All of your credit activity is tracked by your credit report. It includes the payment history and balances owed on credit and store cards, personal loans, student loans, car loans, and mortgages as well as credit-related legal activity, such as foreclosures, repossessions, evictions, judgments, and bankruptcies. Your credit score is a numeric rating of the information in your credit report and is designed to measure the risk you won’t repay what you borrow. Having a good report and score makes it easier to obtain credit, rent an apartment, and even get low rates on insurance.
Experiencing a foreclosure severely damages your credit report and score. However, the damage does not have to be permanent – there are many things you can do to improve your report and score in the future:
Pay on time, every time
Do you have credit cards, car or student loans, or other debt? A commitment to always pay on time is one of the most powerful steps you can take to improve your credit rating.
Pay down your debt
Having a large debt load will lower your score. If you have balances on credit cards or loans, explore ways you can lower your interest rates and free up cash to make more than the minimum payments. Try to avoid charging more on your credit cards than you can pay off in full the next month.

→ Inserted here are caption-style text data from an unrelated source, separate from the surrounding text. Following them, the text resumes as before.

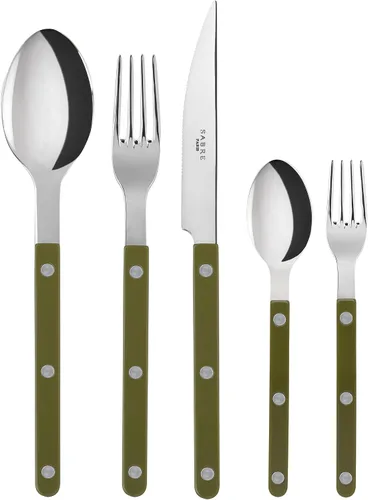 Vista 7 de SABRE PARIS - Juego de cubiertos de 5 piezas - Colección Bistrot - Cuchillo, tenedor, cuchara de sopa, cucharadita y tenedor de postre - Acero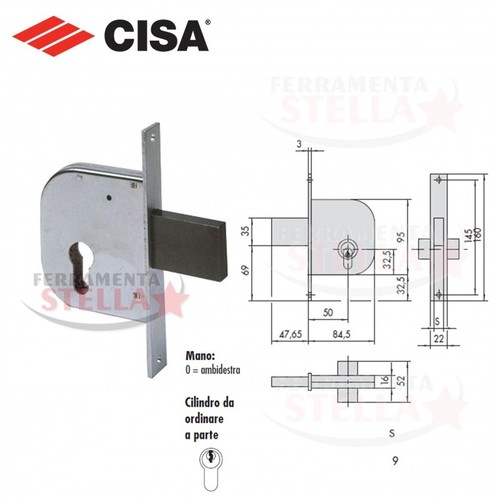 Serratura infilare cisa - serratura,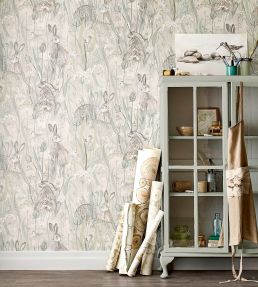 Dune Hares Wallpaper by Sanderson Mist / Pebble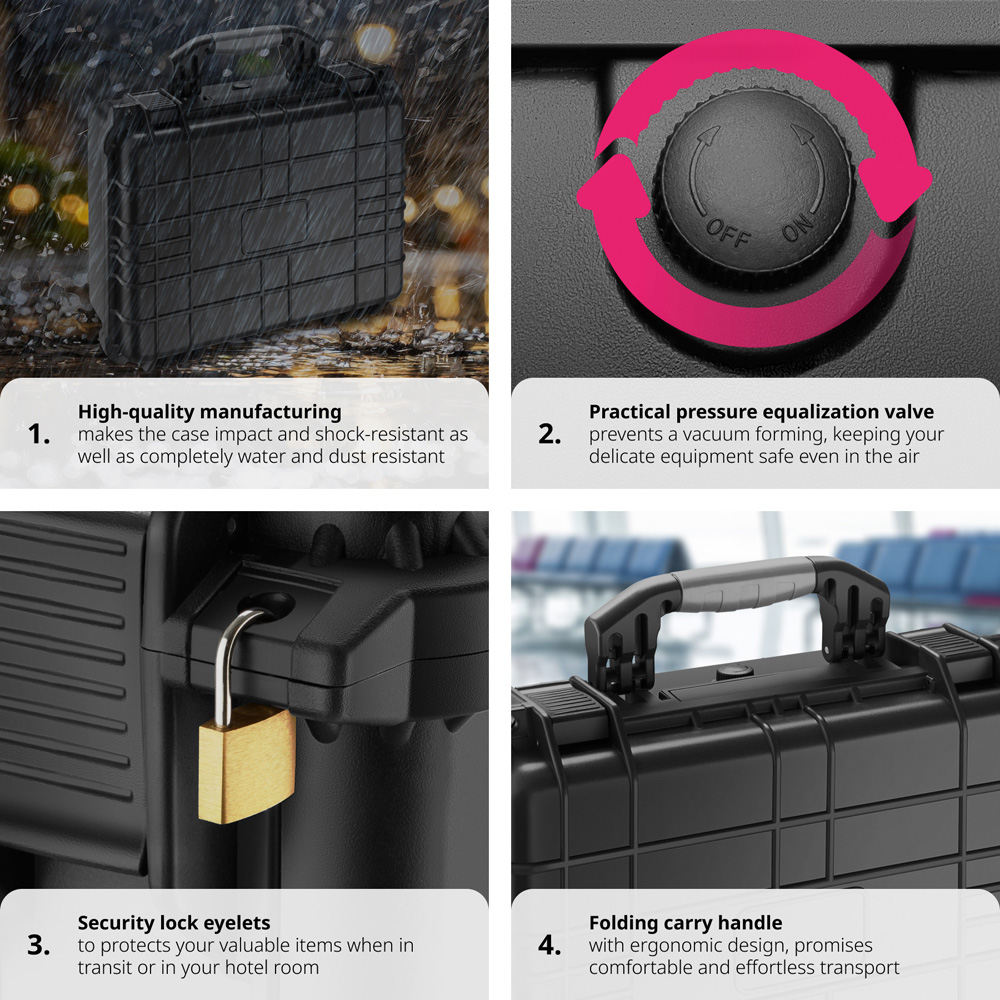 Tectake Large Black Hard Shell Waterproof Camera Case Image 4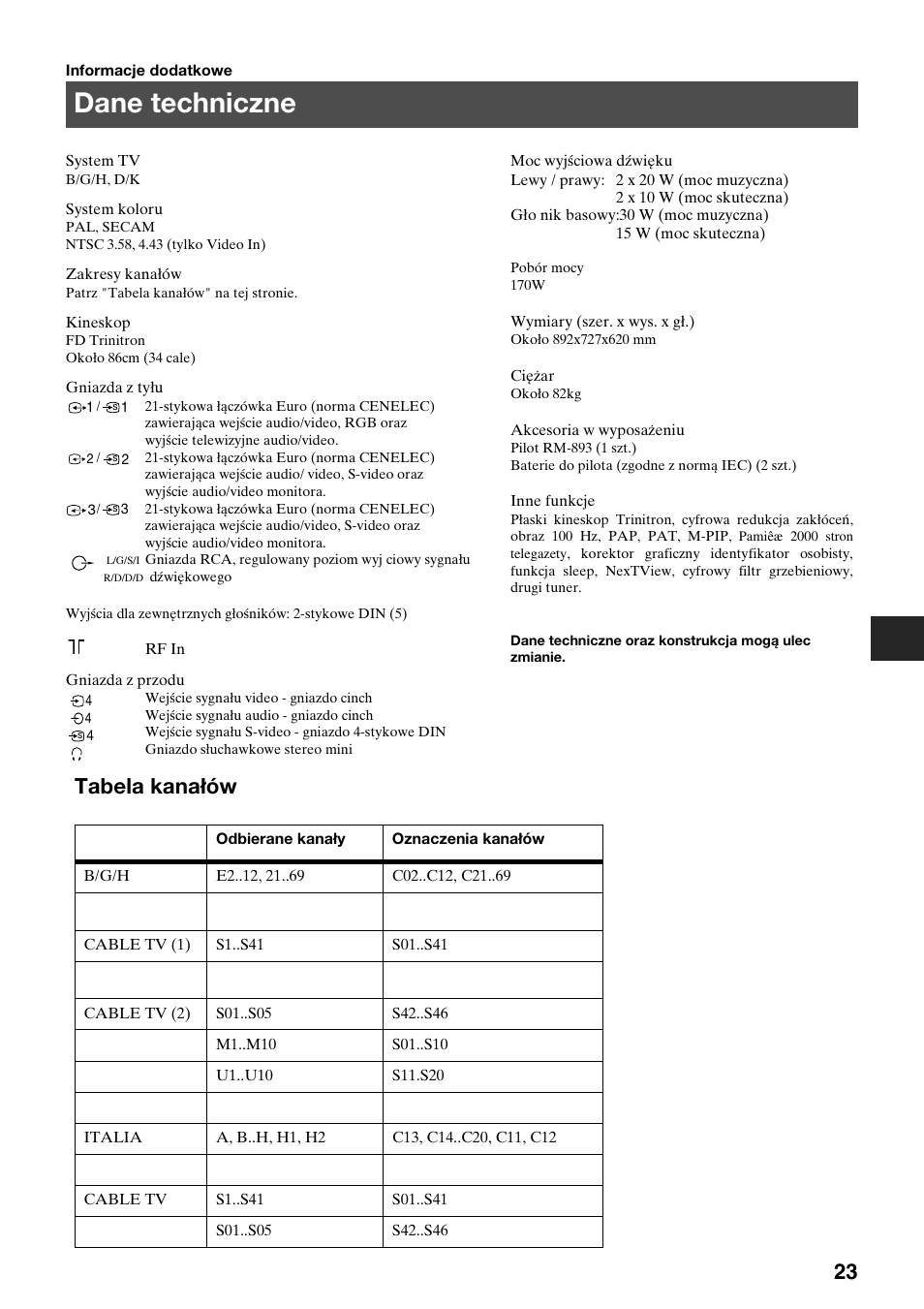 Dane techniczne, Tabela kanałów | Sony KV-34FQ75K User Manual | Page 53 / 160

Many credit reports contain mistakes. Perhaps someone else’s collection account appears on your report, or you were marked late on a credit card you always pay on time. That is why it is a good idea to periodically review your credit report from each of three credit bureaus: Equifax, Experian, and TransUnion. You can get a free copy of your credit report annually from the Annual Credit Report Request Service (www.annualcreditreport.com, 877-322-8228). If you see any errors, contact the relevant credit bureau and dispute them.
Most negative information, including a foreclosure, can stay on your credit report for seven years. The more recent the information, the more of an impact it has on your credit score, so over time, the foreclosure will become less significant.

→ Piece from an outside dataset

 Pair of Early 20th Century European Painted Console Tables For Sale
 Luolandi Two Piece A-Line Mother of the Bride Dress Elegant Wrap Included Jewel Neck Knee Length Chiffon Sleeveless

In order to have a good credit score, you need to have some sort of credit and use it responsibly. If you have no credit now, you may want to apply for a credit card. For people with a low credit score, a secured credit card (which requires you to put down a deposit that the creditor gets to keep if you do not make payments) is generally easier to get than a regular credit card. The credit limit is usually low, and the fees can be high, but many creditors are willing to convert a secured credit card to a regular credit card after a year or two of on-time payments. Another option is to ask a friend or family member who has a good credit history to cosign for you.